EDSR model: Weight palettization + activation quantization (PTQ)¶
In this article we explore two compression strategies for a super-resolution model: weight + activation quantization (W_INT8_A_INT8), and joint compression combining 4-bit palettization, with INT8 quantized LUT (look up table), and INT8 activation quantization (W_P4(INT8)_A_INT8). We demonstrate how to evaluate the quality trade-off between compression aggressiveness and model fidelity using PSNR.
The reported metrics in this article come from applying the described configurations to a pretrained EDSR model (edsr_r16f64, 1.5M parameters) sourced via torchsr.
Data samples used are obtained from the B100 benchmark via torchsr (100 HR/LR image pairs at 2× scale).
20 images are used for calibration and the remaining 80 for evaluation.
EDSR (Enhanced Deep Super-Resolution) takes a low-resolution image and upscales it by a fixed integer factor (2×, 3×, or 4×) using a deep residual convolutional network.
We use PSNR as the metric in this example. PSNR measures pixel-level fidelity between the model output and the ground-truth high-resolution image, expressed in dB where higher is better. PSNR is the standard metric for super-resolution since the task has a well-defined ground truth, making it a reliable signal for comparing how much each compression configuration degrades output quality.
As a reference, the pretrained FP32 model gives a PSNR of 30.68 dB.
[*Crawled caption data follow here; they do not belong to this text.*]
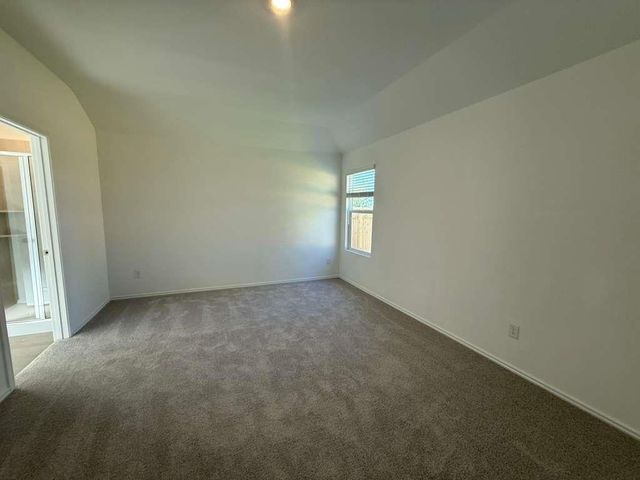 591 Sormonne LOOP, Kyle, TX 78640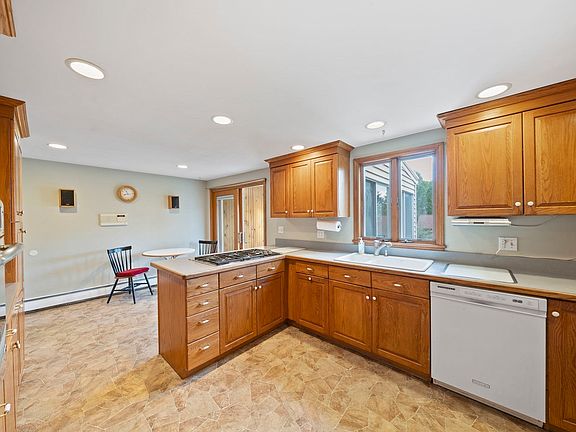 3rd image of 20 Bonney Ln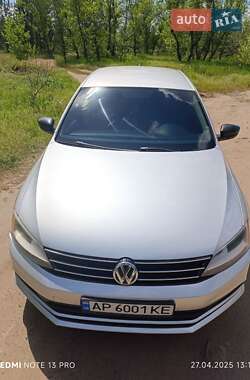 Седан Volkswagen Jetta 2015 в 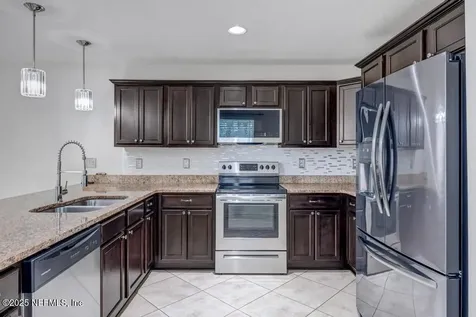 8401 Highfield Avenue Jacksonville FL 32216
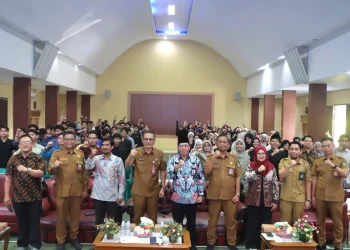 Mendorong Kemandirian Pemuda di Era Digital, Dispora Kaltim Gelar Seminar Ekonomi Kreatif di Samarinda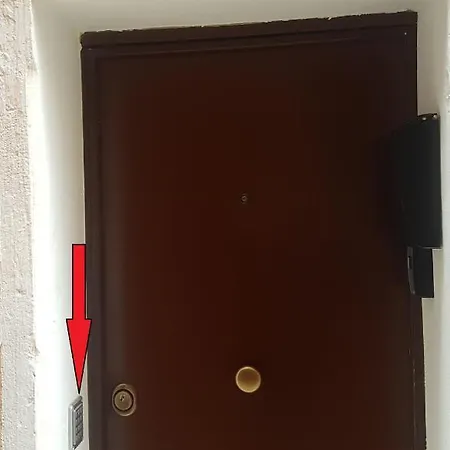Apartment ,ghetto,biennale, Campo Maddalena *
W_INT8_A_INT8 quantization¶
We begin with W_INT8_A_INT8 quantization using the default QuantizerConfig(), which applies INT8 per-channel weight quantization and INT8 per-tensor activation quantization with a moving_average qparams calculator.
Tensor |
dtype |
Granularity |
qparam calculator |
|---|---|---|---|
Weight |
|
per-channel |
|
Activation |
|
per-tensor |
|
from coreai_opt.quantization import QuantizerConfig, Quantizer
config = QuantizerConfig()
quantizer = Quantizer(fp32_model, config)
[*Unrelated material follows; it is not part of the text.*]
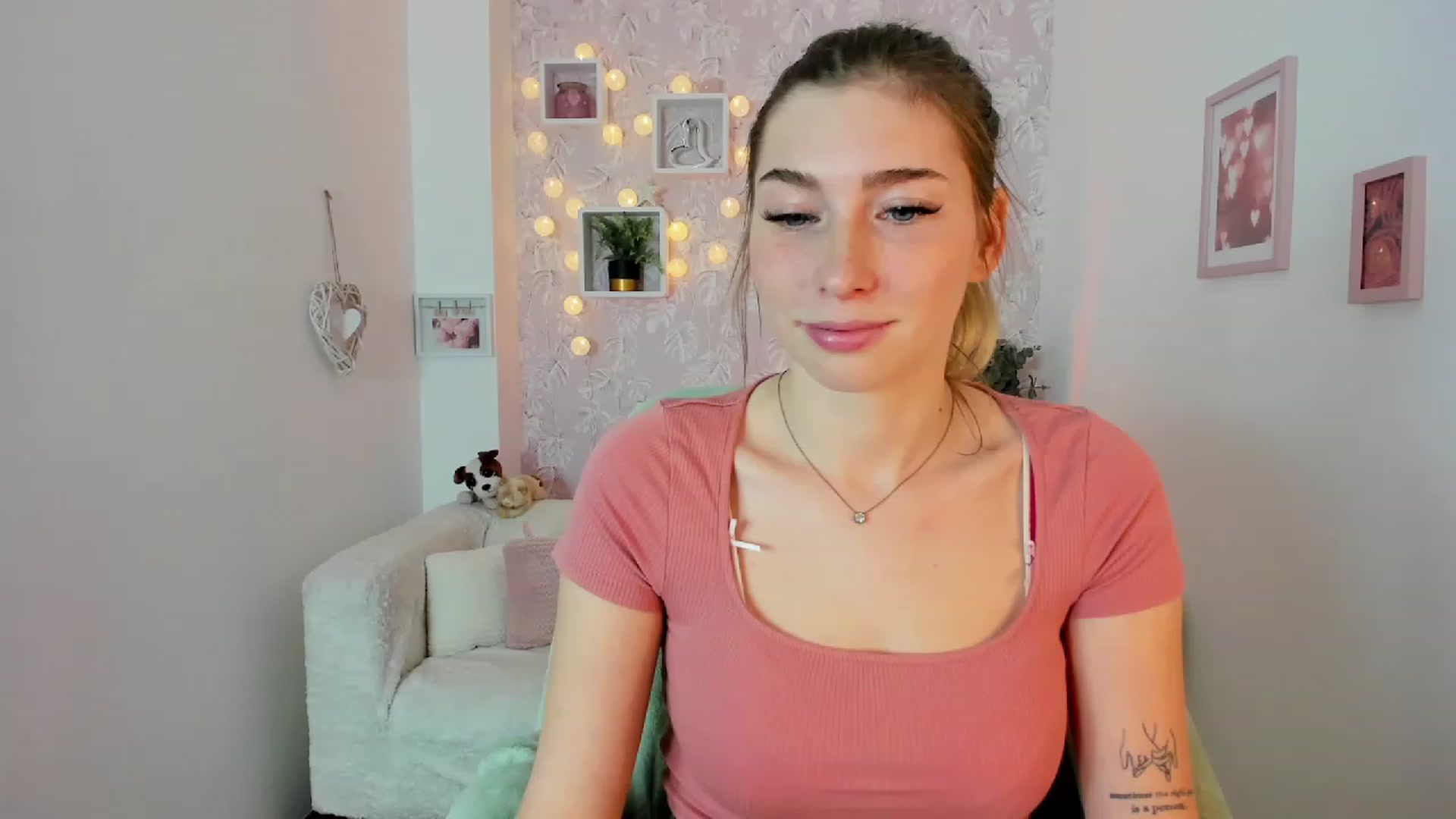 Gallery image thumbnail from Nina_Croft's myfreecams stream on, 01/25/2023, 19:23 image 19 of 20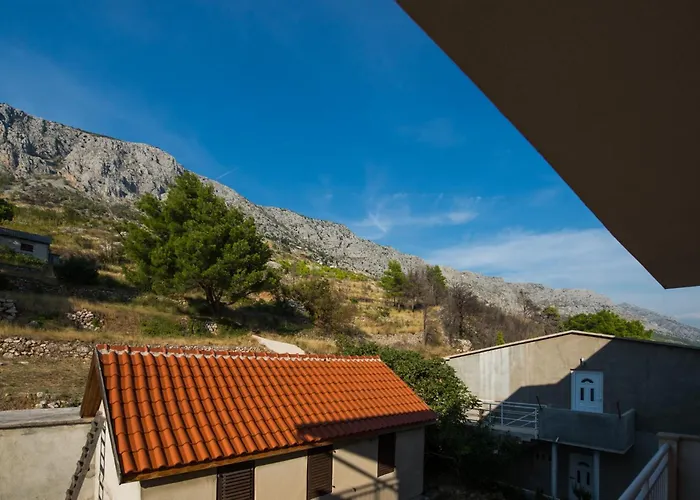 Pero 3 Min Walk To The 3*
# Use a representative low-resolution (LR) image from the calibration set as example inputs
prepared_model = quantizer.prepare(example_inputs)
Calibrate¶
Calibration is required to determine accurate activation scales.
Representative low-resolution (LR) images are passed through the model inside calibration_mode().
with quantizer.calibration_mode():
with torch.no_grad():
for lr_image in calibration_images:
prepared_model(lr_image)
After calibrating with 20 B100 images, the W_INT8_A_INT8 model achieves 30.33 dB — a drop of only 0.35 dB from the FP32 baseline.
The model is compressed from 5.48 MB (FP32) to approximately 1.4 MB (INT8 weights), a 4× reduction.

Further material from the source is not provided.